South Ribble Council has rolled out a new crackdown on gambling after members of the Council’s licensing committee shared their concerns about the rising number of problem gamblers in the region.
The Chair of the Licensing Act Committee at South Ribble Council, Barbara Nathan, explained that despite the fact that some gambling issues required nationwide changes rather than action on a local level, the Council was remaining focused on keeping gambling-related harm away from South Ribble residents. Ms Nathan further shared that the ongoing gambling crisis is “crippling” bank balances and also has a serious influence on local people’s lives.
As part of the measures which local authorities have taken in order to tackle gambling addiction among South Ribble’s residents, Blackburn Rovers F.C. and Preston North End F.C. were officially requested to remove all gambling advertising materials on the pitch. The District Council has also urged the Government to take further measures in order to prevent 16-year-old individuals from purchasing scratchcards. It is also planning to work in collaboration with Lancashire County Council to impose certain restrictions on people getting involved with online gambling.

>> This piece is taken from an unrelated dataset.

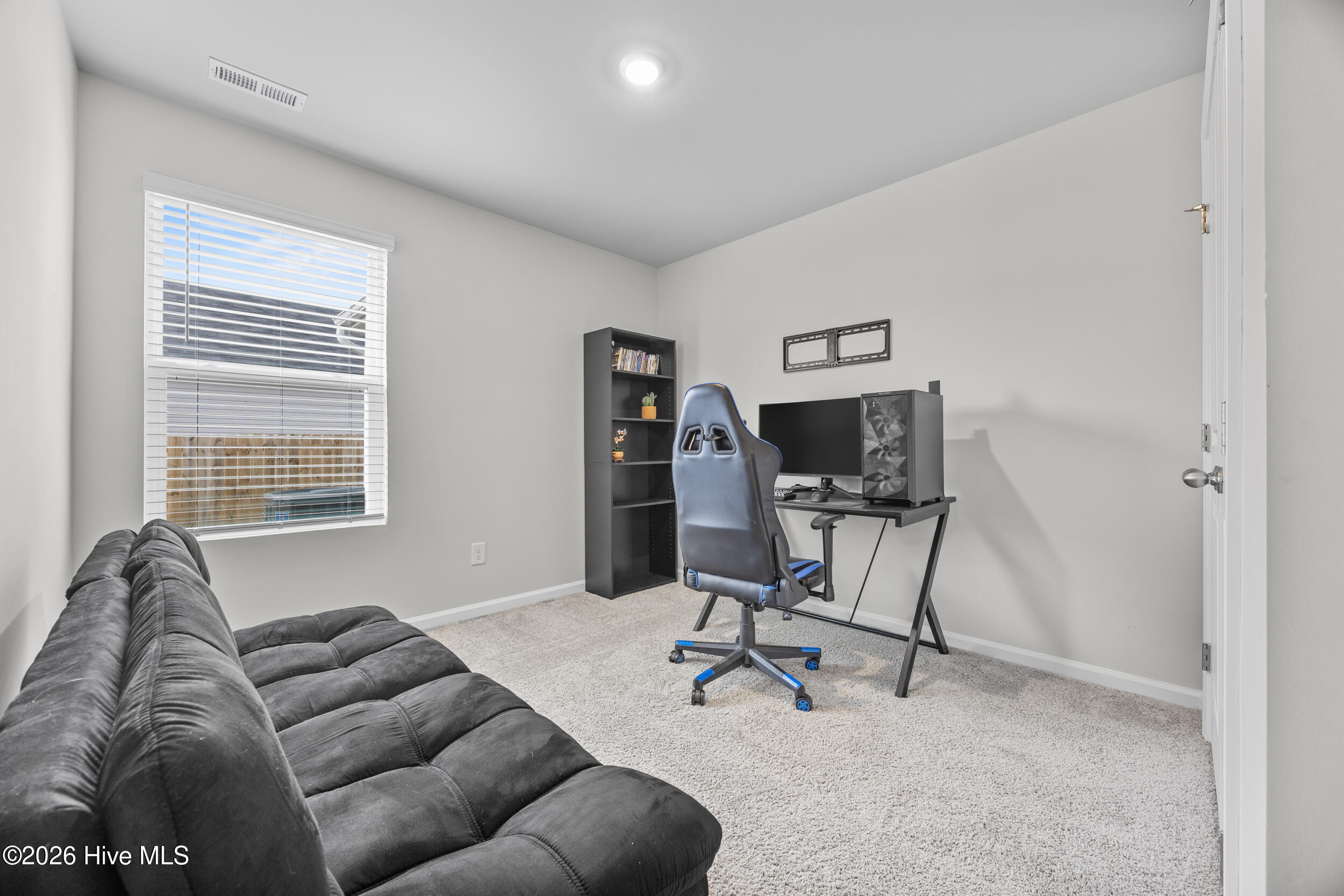 100558614 | Photo 14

The local authorities have decided to impose further regulatory measures after a new research commissioned by the UK Gambling Commission (UKGC) showed that 7% of the children between 11 and 16 years of age who had seen gambling advertising or gambling company as sponsor of a sports club confirmed that this had pushed them to gamble without them otherwise planning to do so.
More Minors Get Hooked after Being Exposed to Gambling Ads
According to the Licensing Act Committee’s boss, the local community needed to see increased awareness and change in attitudes towards the possible harm that could be inflicted by gambling. This is why the Committee pledged to continue advocating tougher rules and stricter enforcement.

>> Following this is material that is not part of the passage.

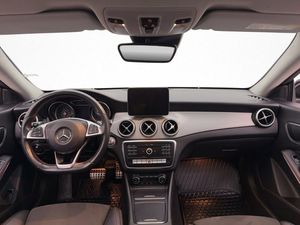 Mercedes CLA180 bild 14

South Ribble has become the first council in the borough of Central Lancashire which has started taking such measures in order to deal with gambling-related harm and especially with the rising gambling addiction rates. It is also the first one in the region which decided to carry out stop checks for unlawful underage gambling.
The latest annual research of the UKGC which was set to explore gambling behaviour among young individuals in the UK was issued in November 2018. According to the results of the survey, 14% of the children between 11 and 16 years had spent their own money on gambling in the week preceding the research – a result, which showed a 2% increase in these children number compared to the one reported in 2017.
As Casino Guardian reported earlier, the UKGC revealed that the most common gambling activities which involved underage individuals were placing private bets among friends, buying scratchcards of the National Lottery, placing money on so-called fruit machines in arcades, clubs or pubs and playing cards for money with friends.
What is even more concerning is the fact that more than half of children (66%) had become interested in gambling after seeing TV gambling ads. Gambling advertising on social media had influenced 59% of the children, pushing them to make a bet. There was also a significant number of minors who got oriented to betting after seeing a gambling company as a sponsor of their favourite sports team.